Retinitis pigmentosa is a collection of inherited eye disorders where there is damage to the retina. If you have retinitis pigmentosa, there is support and advice available to help you live with the condition.

What is retinitis pigmentosa?

The retina is a layer of tissue on the inside back of your eye. It contains cells that detect light and send signals to the brain. The brain understands these signals as vision – this is how you see.

In people with retinitis pigmentosa, these cells gradually break down, causing a gradual loss of vision. The breakdown of these cells is unpredictable – it can happen slowly in some people and more quickly in others.

Some people may have poor vision throughout their lives while others may completely lose their eyesight.

What causes retinitis pigmentosa?

Retinitis pigmentosa is a genetic disorder, where a genetic change causes the cells in the retina to be damaged. It can run in families, but can also happen to people with no family history of eye troubles.

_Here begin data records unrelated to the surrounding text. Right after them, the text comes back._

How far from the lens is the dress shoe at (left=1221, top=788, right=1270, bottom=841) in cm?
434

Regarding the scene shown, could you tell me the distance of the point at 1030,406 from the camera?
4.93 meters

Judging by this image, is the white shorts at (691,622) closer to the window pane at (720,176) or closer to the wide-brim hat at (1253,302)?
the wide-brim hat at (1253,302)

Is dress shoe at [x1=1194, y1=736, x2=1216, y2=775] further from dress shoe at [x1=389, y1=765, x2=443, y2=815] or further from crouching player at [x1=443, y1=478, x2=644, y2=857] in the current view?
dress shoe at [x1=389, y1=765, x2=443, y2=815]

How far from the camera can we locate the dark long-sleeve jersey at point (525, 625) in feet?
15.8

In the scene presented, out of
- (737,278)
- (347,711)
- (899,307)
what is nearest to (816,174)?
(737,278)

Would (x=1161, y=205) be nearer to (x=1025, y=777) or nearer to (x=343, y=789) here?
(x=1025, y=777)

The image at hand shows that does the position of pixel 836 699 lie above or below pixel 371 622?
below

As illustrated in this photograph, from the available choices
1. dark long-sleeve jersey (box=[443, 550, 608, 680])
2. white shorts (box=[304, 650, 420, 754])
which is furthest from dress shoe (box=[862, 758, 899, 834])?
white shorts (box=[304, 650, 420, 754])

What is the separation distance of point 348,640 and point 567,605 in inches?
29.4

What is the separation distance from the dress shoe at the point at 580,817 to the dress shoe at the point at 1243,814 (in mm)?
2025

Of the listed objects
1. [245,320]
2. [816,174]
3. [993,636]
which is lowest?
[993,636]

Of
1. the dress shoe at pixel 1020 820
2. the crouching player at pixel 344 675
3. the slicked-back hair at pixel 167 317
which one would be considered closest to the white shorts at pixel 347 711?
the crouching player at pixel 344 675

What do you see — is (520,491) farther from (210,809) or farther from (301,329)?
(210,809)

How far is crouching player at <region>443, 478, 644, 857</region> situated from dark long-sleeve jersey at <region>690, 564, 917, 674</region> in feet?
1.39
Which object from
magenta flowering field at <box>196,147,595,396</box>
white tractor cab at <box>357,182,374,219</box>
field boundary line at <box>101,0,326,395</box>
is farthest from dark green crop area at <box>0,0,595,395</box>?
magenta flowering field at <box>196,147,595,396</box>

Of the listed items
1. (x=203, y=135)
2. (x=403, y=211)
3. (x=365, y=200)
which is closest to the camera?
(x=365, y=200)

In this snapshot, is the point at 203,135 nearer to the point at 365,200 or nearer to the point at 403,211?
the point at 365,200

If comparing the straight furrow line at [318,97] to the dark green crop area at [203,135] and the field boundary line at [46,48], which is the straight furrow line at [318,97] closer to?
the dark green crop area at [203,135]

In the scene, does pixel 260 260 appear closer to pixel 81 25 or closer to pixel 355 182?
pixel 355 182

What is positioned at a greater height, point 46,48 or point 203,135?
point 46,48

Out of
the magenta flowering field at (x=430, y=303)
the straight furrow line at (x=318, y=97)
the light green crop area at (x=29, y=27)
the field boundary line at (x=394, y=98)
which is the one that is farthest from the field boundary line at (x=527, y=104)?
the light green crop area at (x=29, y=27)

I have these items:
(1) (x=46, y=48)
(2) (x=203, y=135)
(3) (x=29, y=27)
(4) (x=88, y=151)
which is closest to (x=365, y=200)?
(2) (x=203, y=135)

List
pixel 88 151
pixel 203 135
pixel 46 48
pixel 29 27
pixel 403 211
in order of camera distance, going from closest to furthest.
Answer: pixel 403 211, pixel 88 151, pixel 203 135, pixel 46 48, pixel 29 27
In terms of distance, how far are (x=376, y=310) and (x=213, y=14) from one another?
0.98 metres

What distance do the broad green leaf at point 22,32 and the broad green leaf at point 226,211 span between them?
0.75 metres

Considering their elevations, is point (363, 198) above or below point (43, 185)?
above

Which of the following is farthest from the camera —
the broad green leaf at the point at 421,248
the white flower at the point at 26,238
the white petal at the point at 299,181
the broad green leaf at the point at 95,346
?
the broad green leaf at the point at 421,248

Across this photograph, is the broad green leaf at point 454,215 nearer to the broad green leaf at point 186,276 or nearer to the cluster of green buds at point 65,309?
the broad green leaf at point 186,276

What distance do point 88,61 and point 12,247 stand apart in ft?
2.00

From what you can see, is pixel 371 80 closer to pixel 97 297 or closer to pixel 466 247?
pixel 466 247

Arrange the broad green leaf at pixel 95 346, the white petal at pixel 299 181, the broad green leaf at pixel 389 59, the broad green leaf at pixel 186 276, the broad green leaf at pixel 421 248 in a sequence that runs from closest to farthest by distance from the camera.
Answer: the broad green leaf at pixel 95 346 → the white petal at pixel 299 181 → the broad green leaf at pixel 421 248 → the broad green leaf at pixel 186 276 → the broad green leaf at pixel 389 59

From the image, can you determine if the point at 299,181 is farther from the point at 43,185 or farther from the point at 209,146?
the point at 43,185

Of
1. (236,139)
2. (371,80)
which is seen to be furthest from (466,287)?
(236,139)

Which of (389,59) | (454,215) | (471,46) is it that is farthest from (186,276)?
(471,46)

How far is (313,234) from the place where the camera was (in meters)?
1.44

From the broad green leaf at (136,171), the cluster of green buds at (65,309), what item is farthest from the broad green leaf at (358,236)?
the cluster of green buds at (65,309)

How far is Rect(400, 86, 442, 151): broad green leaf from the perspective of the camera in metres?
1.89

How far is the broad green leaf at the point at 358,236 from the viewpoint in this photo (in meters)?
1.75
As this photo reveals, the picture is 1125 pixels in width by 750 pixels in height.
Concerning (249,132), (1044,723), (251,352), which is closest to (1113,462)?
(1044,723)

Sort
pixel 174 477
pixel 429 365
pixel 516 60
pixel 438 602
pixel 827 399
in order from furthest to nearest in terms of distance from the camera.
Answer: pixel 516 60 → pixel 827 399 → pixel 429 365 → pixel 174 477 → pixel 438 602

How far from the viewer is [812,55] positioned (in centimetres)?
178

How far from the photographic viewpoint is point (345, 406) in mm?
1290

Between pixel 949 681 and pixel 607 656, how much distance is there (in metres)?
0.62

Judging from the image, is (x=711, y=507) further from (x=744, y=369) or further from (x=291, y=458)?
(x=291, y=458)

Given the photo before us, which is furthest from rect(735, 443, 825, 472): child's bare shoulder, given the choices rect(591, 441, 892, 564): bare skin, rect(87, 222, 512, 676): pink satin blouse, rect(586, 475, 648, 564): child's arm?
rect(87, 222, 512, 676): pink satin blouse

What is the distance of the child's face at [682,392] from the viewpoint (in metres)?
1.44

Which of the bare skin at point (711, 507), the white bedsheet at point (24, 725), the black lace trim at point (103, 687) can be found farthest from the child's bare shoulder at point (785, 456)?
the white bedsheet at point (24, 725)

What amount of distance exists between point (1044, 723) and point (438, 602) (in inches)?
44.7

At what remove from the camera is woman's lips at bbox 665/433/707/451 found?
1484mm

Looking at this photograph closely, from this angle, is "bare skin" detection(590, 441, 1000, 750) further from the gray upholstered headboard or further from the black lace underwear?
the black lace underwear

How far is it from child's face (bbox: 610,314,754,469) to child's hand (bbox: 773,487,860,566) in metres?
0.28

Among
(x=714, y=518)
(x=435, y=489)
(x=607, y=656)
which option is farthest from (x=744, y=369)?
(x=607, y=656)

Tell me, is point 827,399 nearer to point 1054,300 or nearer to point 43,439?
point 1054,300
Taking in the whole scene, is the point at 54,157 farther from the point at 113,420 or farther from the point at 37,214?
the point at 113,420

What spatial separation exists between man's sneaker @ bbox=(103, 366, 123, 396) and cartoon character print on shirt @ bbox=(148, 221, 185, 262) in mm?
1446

Retinitis pigmentosa symptoms

Retinitis pigmentosa can come on slowly or quickly. It can come on in children, but it starts more often in young adults. The main problems people notice are:

  • ‘night blindness’ – difficulty seeing at night or in dim light
  • ‘tunnel vision’ – having a narrower field of vision than normal
  • being sensitive to light and glare.

Tunnel vision occurs because cells on the outer edges of the retina usually break down first, resulting in a loss of peripheral vision.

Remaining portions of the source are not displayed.